Un comte en hiver

Le Solitaire du château du Fresne est un film dont se dégage une infinie mélancolie.

L’hiver en Normandie, un château à la façade décrépite, les arbres nus dans l’allée du parc, la buée sur les vitres forment le décor d’un lieu de vie loin du monde. Alain du Périer de Larsan – ancien résistant, déporté à Dachau, devenu châtelain gentleman-farmer, élu et réélu maire de sa commune – se confie. Il livre un peu de son chemin parcouru aux antipodes d’une « culture de classe », son engagement pour ses concitoyens, son irréductible fidélité aux idéaux humanistes.

A la demande de Roseline, la fille d’Alain, Pierre Beuchot accepte d’être un passeur, un accompagnateur pour approcher cette figure lointaine d’un père dont elle vient de découvrir l’existence. Roseline, toujours hors champ, qu’on entend à peine vouvoyer le vieil homme lors de rares entretiens. La voix-off d’un narrateur rapporte certains de leurs dialogues, impossibles à enregistrer. Comment entrer en relation avec ce noble inconnu ? Quelle est la probabilité d’une rencontre avec une solitude si dense qu’elle l’enveloppe d’un voile ? Grâce à la caméra, en une semaine de tournage à peine ?
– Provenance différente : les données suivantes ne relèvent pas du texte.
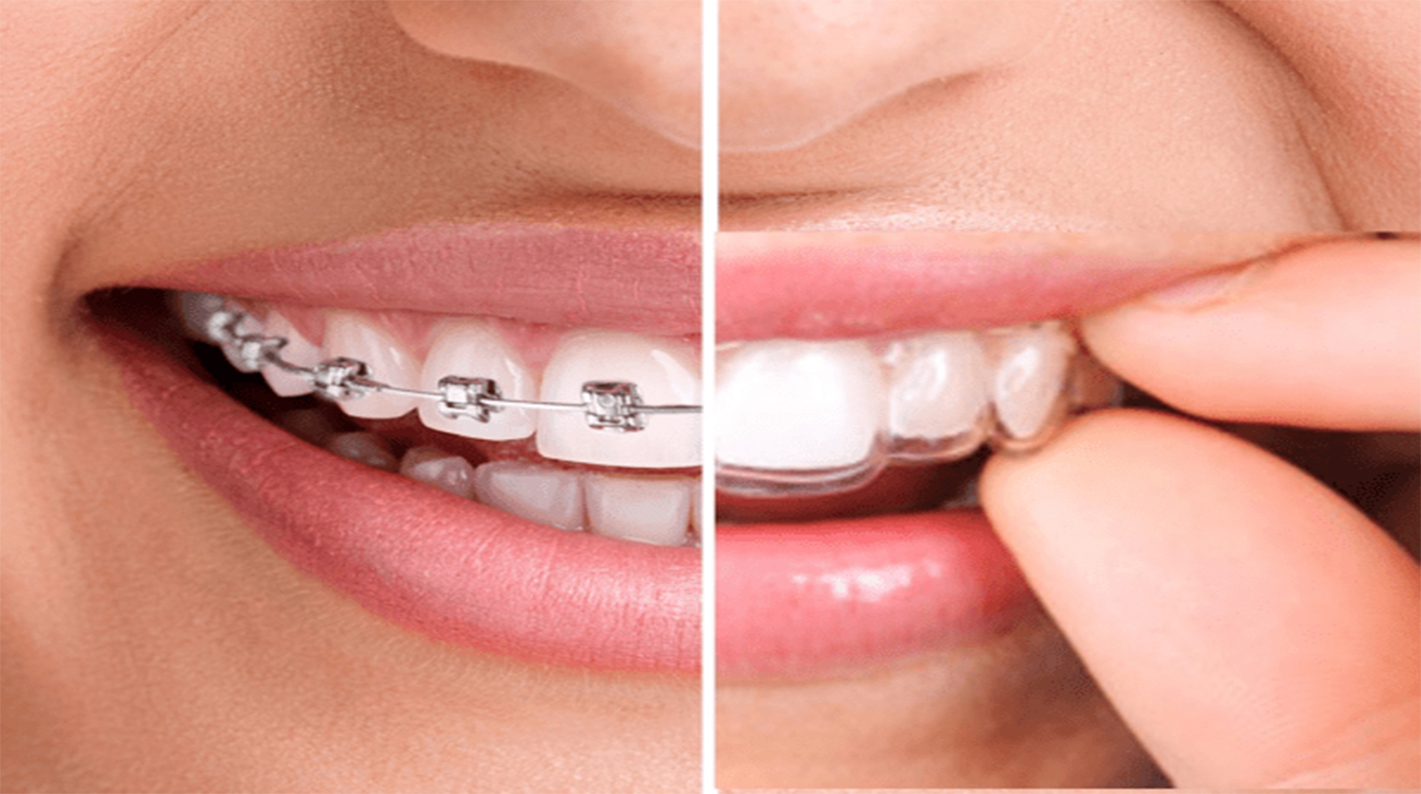 diferenças e semelhanças entre ortodontia tradicional e invisível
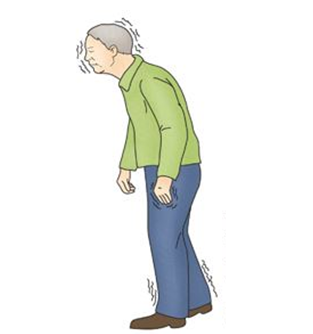 사진설명: 파킨슨병 환자의 주요 증상: 손떨림, 행동이 느려짐, 근육이 뻣뻣해짐 등 운동성과 인지기능의 퇴행성 상실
Filmant lentement les albums de famille, les pièces du château, les immenses portraits d’aïeules – comme si ces défuntes inconnues étaient les seules dont le vieil homme accepte la tendre présence – Pierre Beuchot approche « son » sujet sans jamais le réduire à un portrait d’aristocrate, même atypique, tels ceux qui ornent les murs. Seuls de prudents mouvements de caméra semblent convenir à cette âme forte à la tristesse discrète. Humilité d’un projet de cinéma qui, s’il donne à entendre de nombreux souvenirs (la perte irréparable du frère aimé, les camps, les engagements politiques…) ne peut – ne veut – parachever l’image d’un « grand témoin du siècle » comme les aime la télévision.

Au milieu de cette atmosphère hivernale un peu confinée, entre les ocres chaleureux du salon et les gris-verts humides de l’extérieur, Alain du Périer sort soudain de sa nonchalante distance. On était presque engourdi par ces plans crépusculaires pleins de la présence immobile de l’homme quand des mots lapidaires viennent cogner et statuer de façon définitive. Alors que la caméra le cadre regard baissé, le corps tranquillement assis dans son  fauteuil, sa voix s’élève avec force.
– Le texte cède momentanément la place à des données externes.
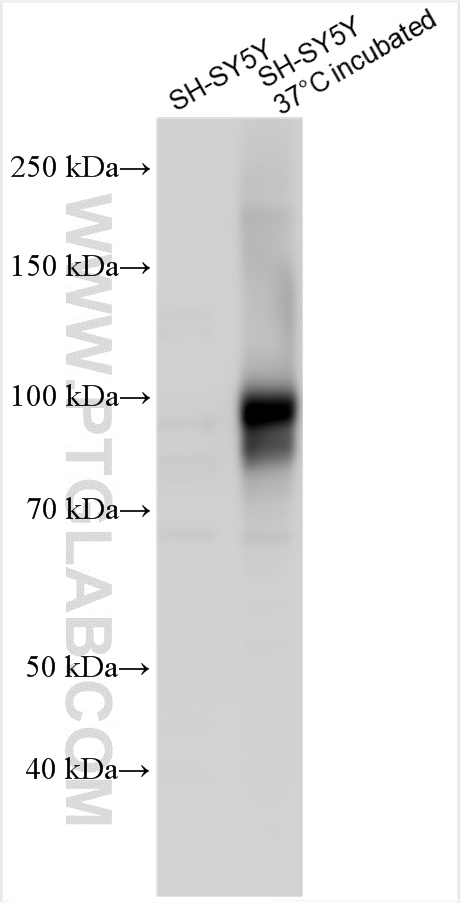 Western Blot (WB) analysis of various lysates using TRPV4 Polyclonal antibody (27892-1-AP)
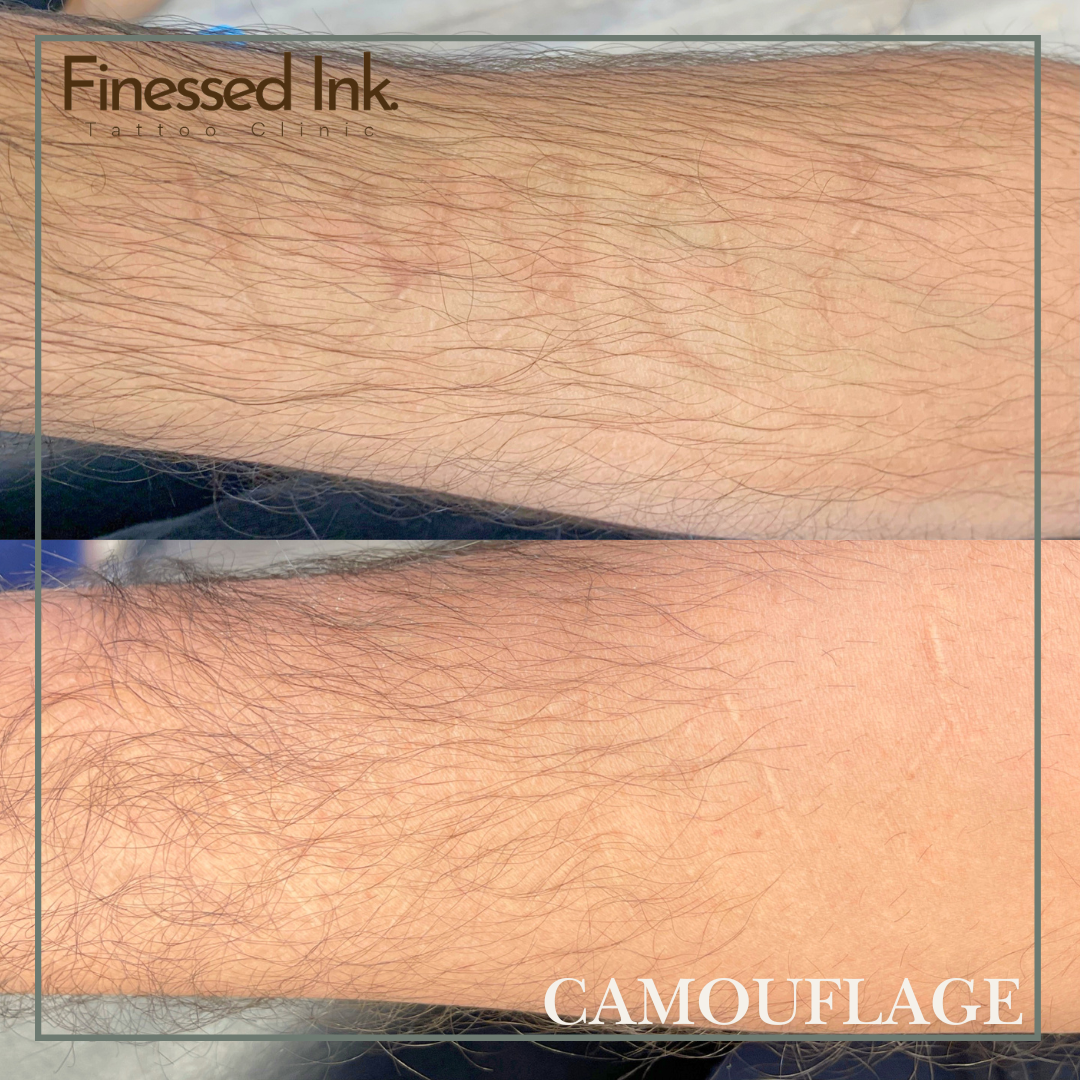 scar camouflage tattoo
Une parole autoritaire, inflexible, passionnée aussi, avec, dans le timbre, un emportement entier auquel les années n’ont rien retranché. Ses origines ? « Un milieu imbécile, pour ne pas dire plus. » Les lauriers des ancêtres illustres ? « Mais qu’est-ce qu’ils allaient foutre en Terre Sainte ? » Les policiers français qui ont arrêté son frère, mort en déportation ? « Une bande de salauds. » L’invitation chez un cousin, ancien vichyste ? « Si j’y vais, j’aurai encore envie de lui rentrer dans les tripes ! » La guerre d’Algérie ? « Inadmissible. »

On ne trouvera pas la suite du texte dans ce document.